Optimal Sample Allocation in the Presence of Non-response

Mājas > Statistika > Optimal Sample Allocation in the Presence of Non-response

Optimal Sample Allocation in the Presence of Non-response

2014-08-03 Komentēt Go to comments

Assume stratified simple random sampling design. Population is split in $H$ strata. We have fixed sample size $n$ . The aim is to find optimal sample allocation $n_1, n_2, \ldots, n_h, \ldots, n_H$ , where $\sum_{h=1}^H n_h = n$ and $V \left( \hat{Y} \right)$ is minimised.

There is some population information available. The population size by strata: $N_h$ , population standard deviation of $y_i$ variable: $S_h$ , and expected response rate in each stratum: $R_h$ .
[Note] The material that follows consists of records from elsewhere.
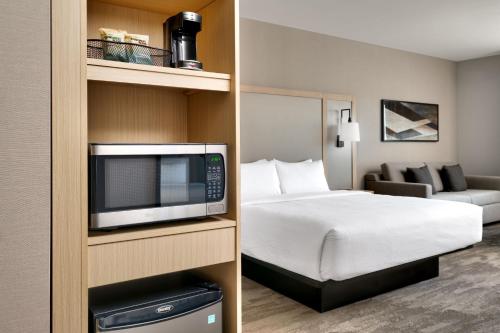 a hotel room with a bed and a tv at Fairfield by Marriott Inn & Suites Show Low in Show Low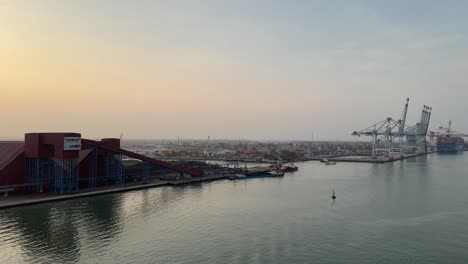 View-of-giant-cargo-cranes-and-gentle-breeze-of-water-ripples-in-Port-of-Phu-My,-Vietnam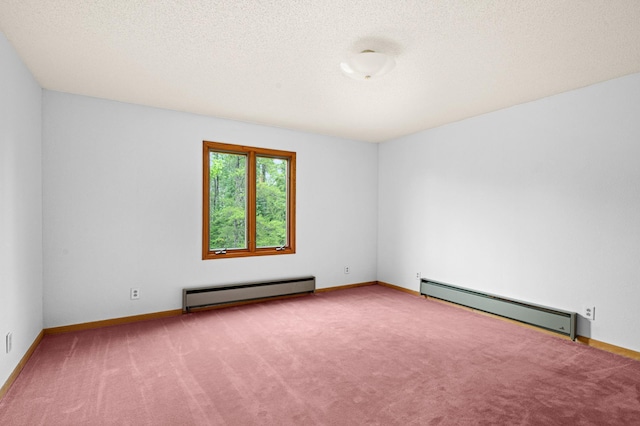 9614 Hayes Rd, Mountain Iron, MN 55768 - empty room with a baseboard radiator and carpet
Optimal sample allocation in the presence of non-response can be computed as $n_h = n \cdot \frac{\frac{N_h S_h}{\sqrt{R_h}}}{\sum_{j=1}^H \frac{N_j S_j}{\sqrt{R_j}}}$ .

I do not have a proof but I have done some numerical calculations to test the optimality of the allocation. The R code of the calculations is available here.

The presented allocation is equal to the well known Neyman allocation [1] in case we have the same response expectation in each stratum.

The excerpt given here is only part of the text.